Neighbors say it wasn't until the News 4 I-Team got involved that things changed, and they're relieved they didn’t have to pay for it.

For some neighbors the sound of bulldozers tearing down 301 Grace Street was music to their ears.

“We've been wanting that house to be torn down for many years, so I really thought that day would never come,” said Richard Espenant, who lives just around the corner.

When Espenant woke up one morning and saw workers at 301 Grace Street, he couldn’t help but record it.

He sent the I-Team pictures and videos showing crews taking down what city officials called one of its many problem properties.

For Espenant, it was an eyesore.

The house once had boarded up windows, trash in the back and front yards, and debris everywhere. It sat like that for three years until neighbors called the I-Team.

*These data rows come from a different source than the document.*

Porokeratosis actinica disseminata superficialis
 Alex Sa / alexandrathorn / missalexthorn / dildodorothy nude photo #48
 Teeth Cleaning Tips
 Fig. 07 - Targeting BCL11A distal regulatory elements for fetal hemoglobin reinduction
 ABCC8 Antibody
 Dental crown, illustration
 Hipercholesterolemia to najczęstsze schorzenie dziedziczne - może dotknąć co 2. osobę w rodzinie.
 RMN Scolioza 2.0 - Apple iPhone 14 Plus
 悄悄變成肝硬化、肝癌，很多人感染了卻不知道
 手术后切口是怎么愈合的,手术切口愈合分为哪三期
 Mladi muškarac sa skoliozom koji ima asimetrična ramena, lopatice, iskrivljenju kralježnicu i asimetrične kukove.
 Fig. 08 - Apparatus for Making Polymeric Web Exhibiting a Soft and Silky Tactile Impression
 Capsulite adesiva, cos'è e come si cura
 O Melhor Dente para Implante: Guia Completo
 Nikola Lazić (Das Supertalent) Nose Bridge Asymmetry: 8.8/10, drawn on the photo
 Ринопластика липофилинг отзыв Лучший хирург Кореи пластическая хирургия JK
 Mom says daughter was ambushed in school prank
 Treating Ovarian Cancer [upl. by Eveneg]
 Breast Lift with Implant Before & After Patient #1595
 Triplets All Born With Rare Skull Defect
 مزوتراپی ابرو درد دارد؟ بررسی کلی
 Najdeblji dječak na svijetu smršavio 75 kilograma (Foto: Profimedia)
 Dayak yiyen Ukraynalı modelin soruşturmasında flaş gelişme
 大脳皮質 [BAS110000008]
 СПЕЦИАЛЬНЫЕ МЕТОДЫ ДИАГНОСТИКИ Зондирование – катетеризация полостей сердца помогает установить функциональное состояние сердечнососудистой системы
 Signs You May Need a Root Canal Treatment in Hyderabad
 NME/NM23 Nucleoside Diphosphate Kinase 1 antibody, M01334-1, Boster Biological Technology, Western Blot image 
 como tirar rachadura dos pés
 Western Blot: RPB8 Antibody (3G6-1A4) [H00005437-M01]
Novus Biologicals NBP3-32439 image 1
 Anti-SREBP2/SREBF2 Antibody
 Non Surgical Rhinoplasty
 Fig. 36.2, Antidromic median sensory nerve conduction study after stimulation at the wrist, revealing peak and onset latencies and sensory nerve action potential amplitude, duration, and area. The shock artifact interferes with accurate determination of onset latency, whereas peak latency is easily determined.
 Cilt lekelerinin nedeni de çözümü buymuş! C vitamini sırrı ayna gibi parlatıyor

“Should it have taken this long?” the I-Team’s Lindsay Bramson asked.

“No,” Espenant said. “To be honest with you, if News 4 had not intervened and helped us out during the process, I think the house would still be standing.”

Metro Codes said they have received more than a dozen complaints about this house in the last year.

Earlier this year, the I-Team reported it’s not uncommon for houses like the one at 301 Grace Street to sit abandoned for months, even years at a time. But when the city has to demolish it, it costs taxpayers.

In this case, the homeowner obtained a building permit and knocked down the house with her own money.

“What do you say to people who feel it shouldn't have taken this long for this house to come down?” Bramson asked.

“We have to give them the opportunity to appeal. She exercised that opportunity. So I can’t break the law unless it’s an emergency,” said Bill Penn with Metro Codes.

Penn said there are currently 46 other abandoned homes in Nashville on a list to be demolished. And if homeowners don't take care of it themselves and the city has to tear them down, that’s nearly $300,000 of taxpayer money.

"We have a number of steps that have to be taken before we can get to a point of demolishing, and at several points in that process the owner of the property can challenge us,” Penn said.

In the end neighbors like Richard are just happy to see it gone and even happier knowing that, in this case, it wasn't his money that paid for it.

The I-Team spoke with the property owner over the phone Tuesday. She said she didn't want to comment on the story or discuss what her future plans are with that property.

We checked and so far, there haven't been any permits pulled for any building on that land.